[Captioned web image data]

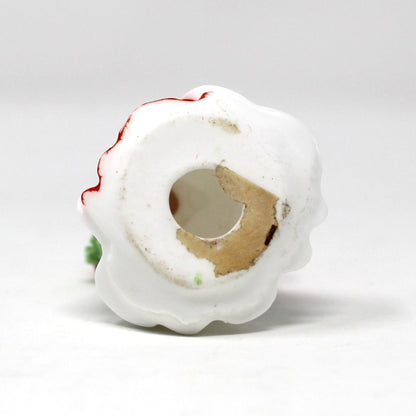 Figurines, Napcoware, Christmas Angel with Wreath, Miniature Bone China Spaghetti, Taiwan, Vintage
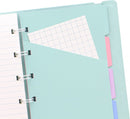 notitieboek Classic Pastels A6 kunstleer mintgroen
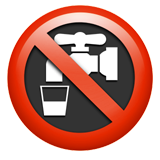 Non-Potable Water Symbol - Apple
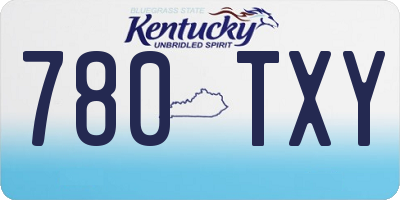 KY license plate 780TXY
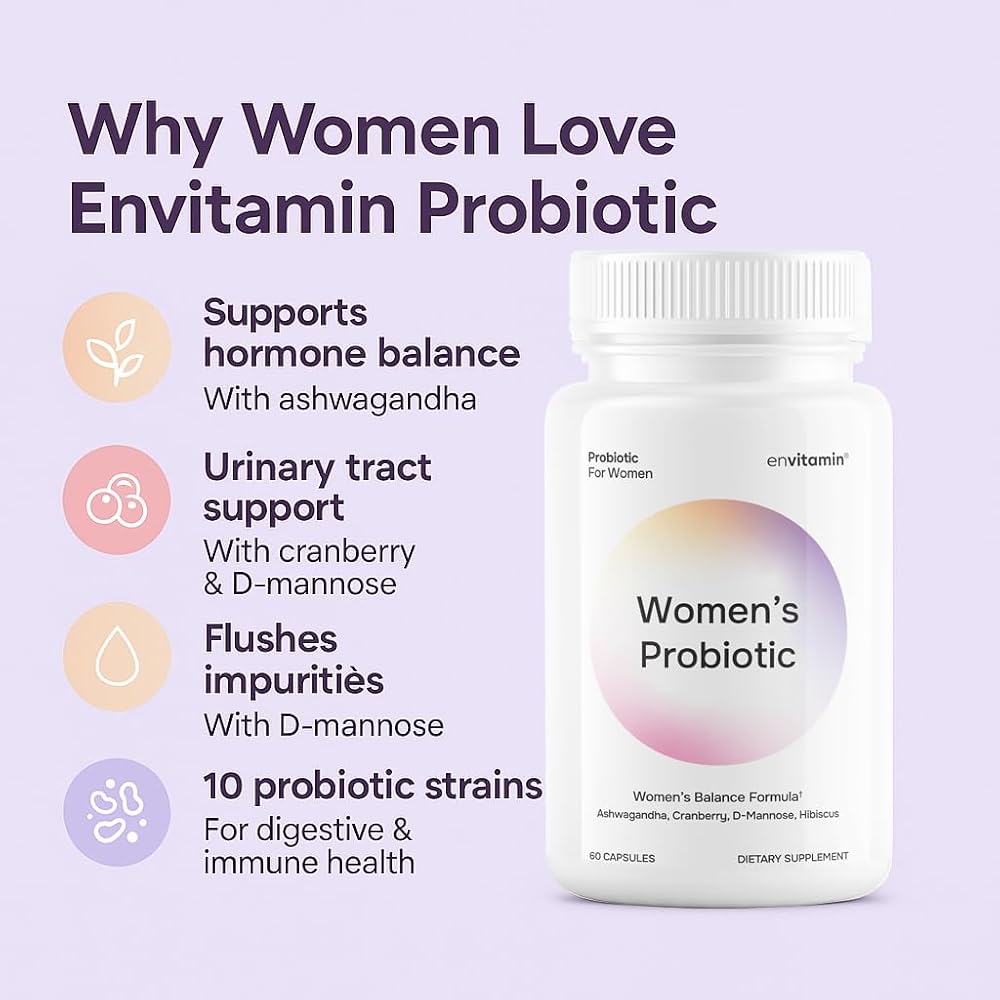 envitamin Probiotic for Women Balance Formula - 60 Capsules - image 3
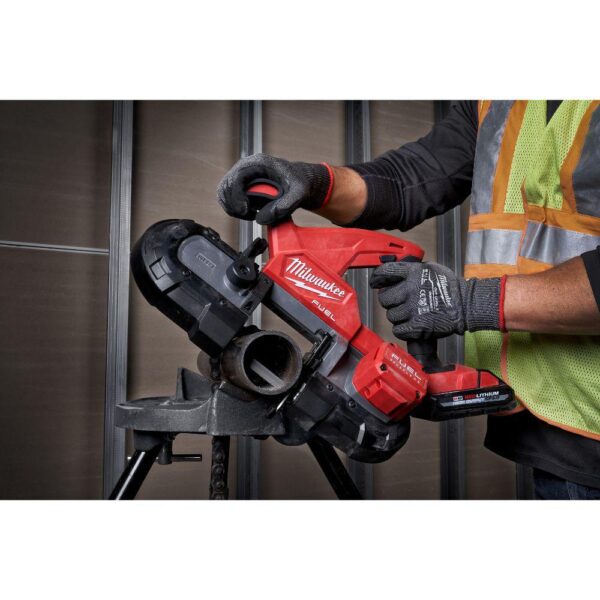 Milwaukee M18 18-Volt Lithium-Ion 1/2 in. to 4 in. Force Logic 6 Ton Cordless Knockout Tool Kit with FUEL Bandsaw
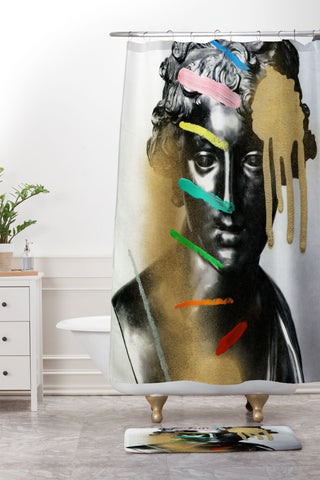 Chad Wys Composition 527 Shower Curtain And Mat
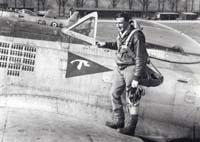Lucien Inguimberti dit " Titi" avec son P47 Thunderbolt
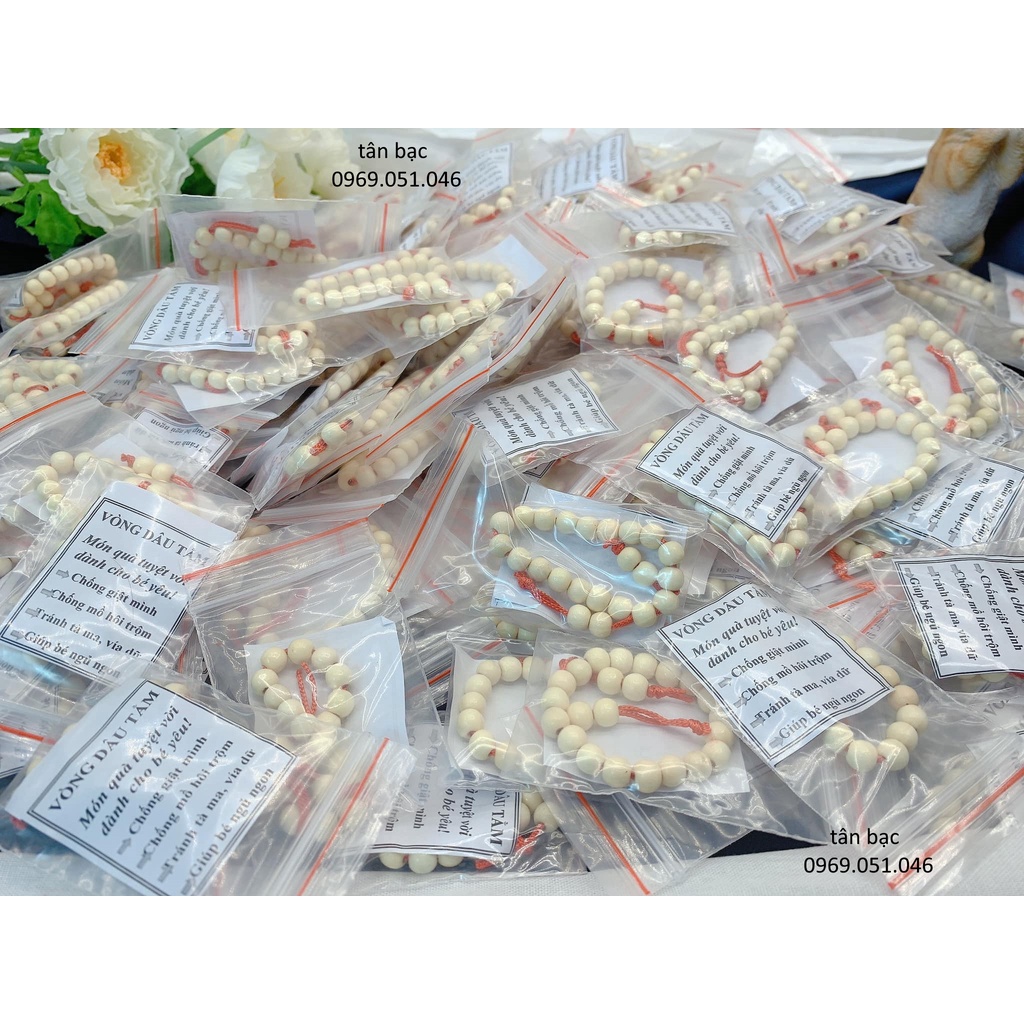 vòng dâu tằm , giúp bé ăn ngon miệng , ngủ sâu giấc , hạt gỗ chuẩn, tròn đều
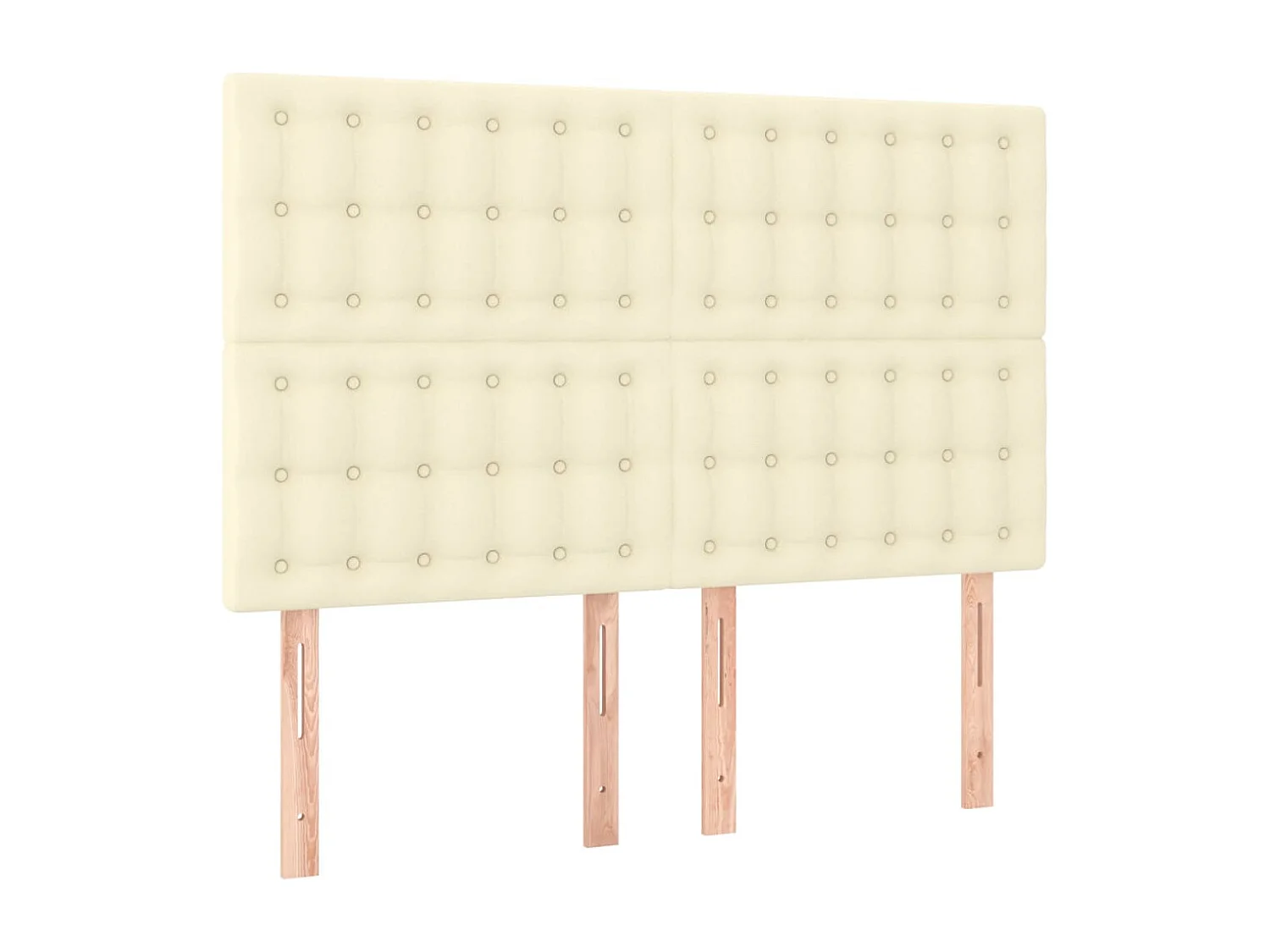 Cadre de lit avec tête de lit Crème 140x190 cm Similicuir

▶ [WORK REQUIRED]: Working from the data above, repeat exactly, and only, the lines that begin at the line containing "notitieboek Classic Pastels" and stop after the line containing "Lucien Inguimberti dit"; pictures are not copied.

▶ [RESULT OF THE EXERCISE]:
 notitieboek Classic Pastels A6 kunstleer mintgroen
 Non-Potable Water Symbol - Apple
 KY license plate 780TXY
 envitamin Probiotic for Women Balance Formula - 60 Capsules - image 3
 Milwaukee M18 18-Volt Lithium-Ion 1/2 in. to 4 in. Force Logic 6 Ton Cordless Knockout Tool Kit with FUEL Bandsaw
 Chad Wys Composition 527 Shower Curtain And Mat
Lucien Inguimberti dit " Titi" avec son P47 Thunderbolt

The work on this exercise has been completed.